• _Work order_: Each entry is to be repeated word for word, and the images are to be dropped.

**** Exercise materials

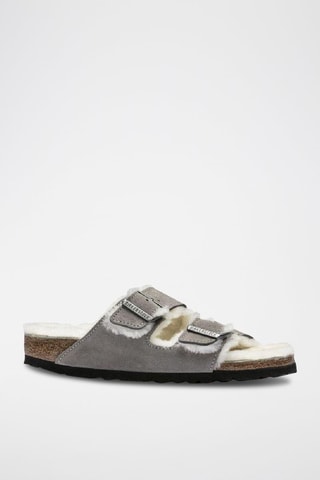 Mules fourrées en nubuck Arizona -  Gris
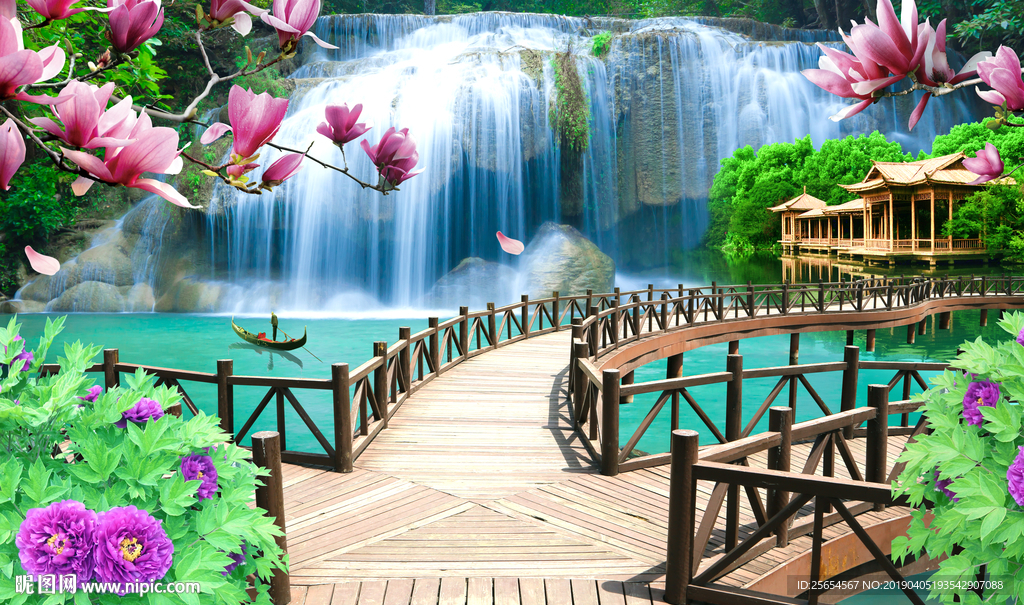山水瀑布背景墙装饰画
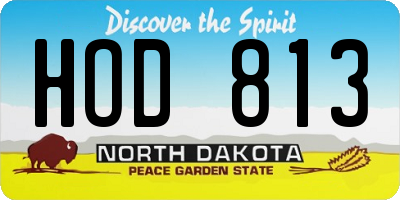 ND license plate HOD813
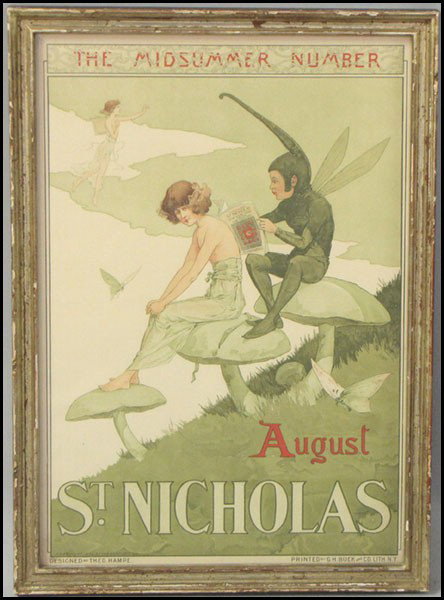 THEODORE MICHAEL HAMPE (1877-1965) ST. NICHOLA: THEODORE MICHAEL HAMPE (1877-1965) ST. NICHOLAS-AUGUST-THE MIDSUMMER NUMBER. Lithographic poster, 1896, printed by G.H. Buek & Co., NY; Frame: 22.50" x 16" 20.50" x 14" (sight)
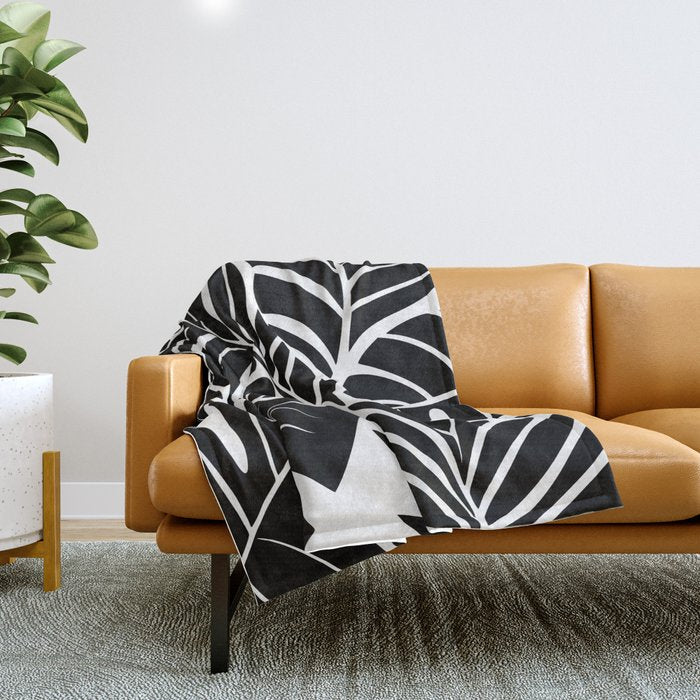 Leafy Calm Charm Black And White Simplicity Throw Blanket Gallery Image 1
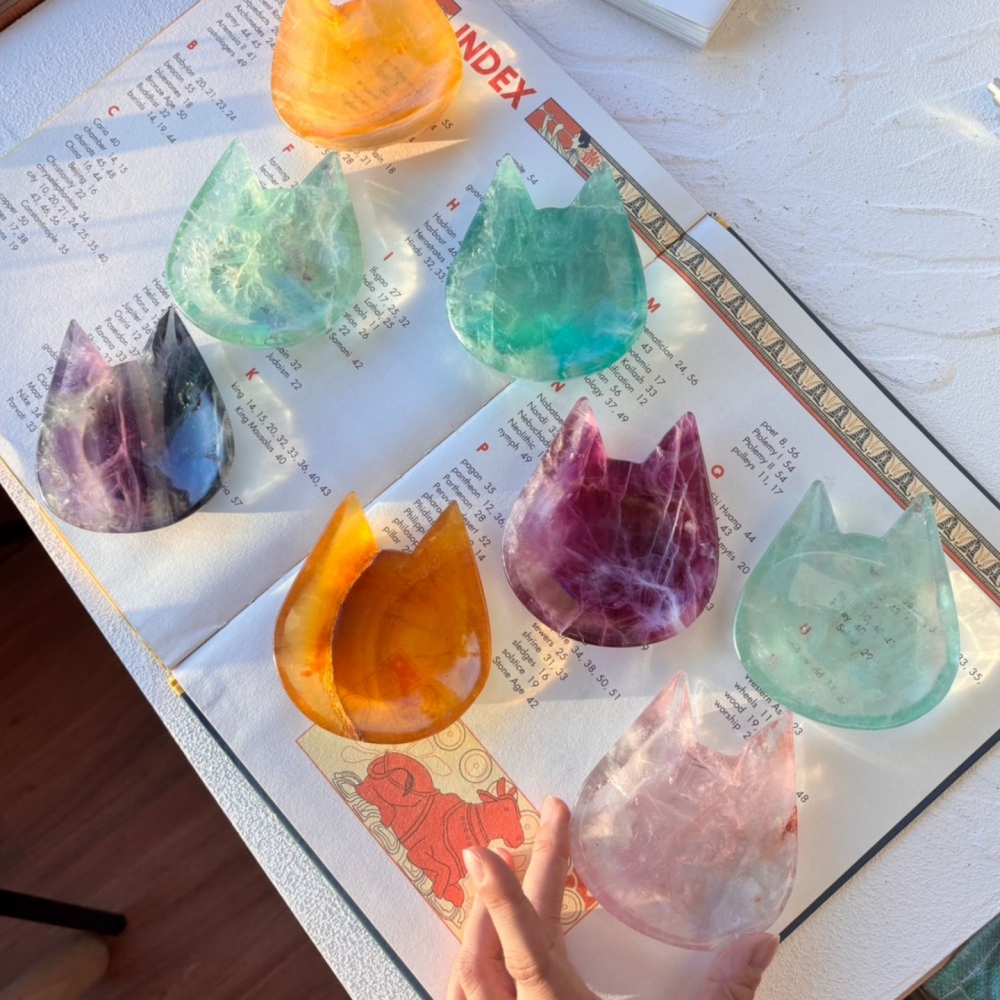 『多樣使用』螢石許願烤盤+魔法海鹽100G 組合 安全淨化 金錢負能破除 貴人運加倍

********

• _Answer for the task_:
 Mules fourrées en nubuck Arizona -  Gris
山水瀑布背景墙装饰画
 ND license plate HOD813
 THEODORE MICHAEL HAMPE (1877-1965) ST. NICHOLA: THEODORE MICHAEL HAMPE (1877-1965) ST. NICHOLAS-AUGUST-THE MIDSUMMER NUMBER. Lithographic poster, 1896, printed by G.H. Buek & Co., NY; Frame: 22.50" x 16" 20.50" x 14" (sight)
 Leafy Calm Charm Black And White Simplicity Throw Blanket Gallery Image 1
 『多樣使用』螢石許願烤盤+魔法海鹽100G 組合 安全淨化 金錢負能破除 貴人運加倍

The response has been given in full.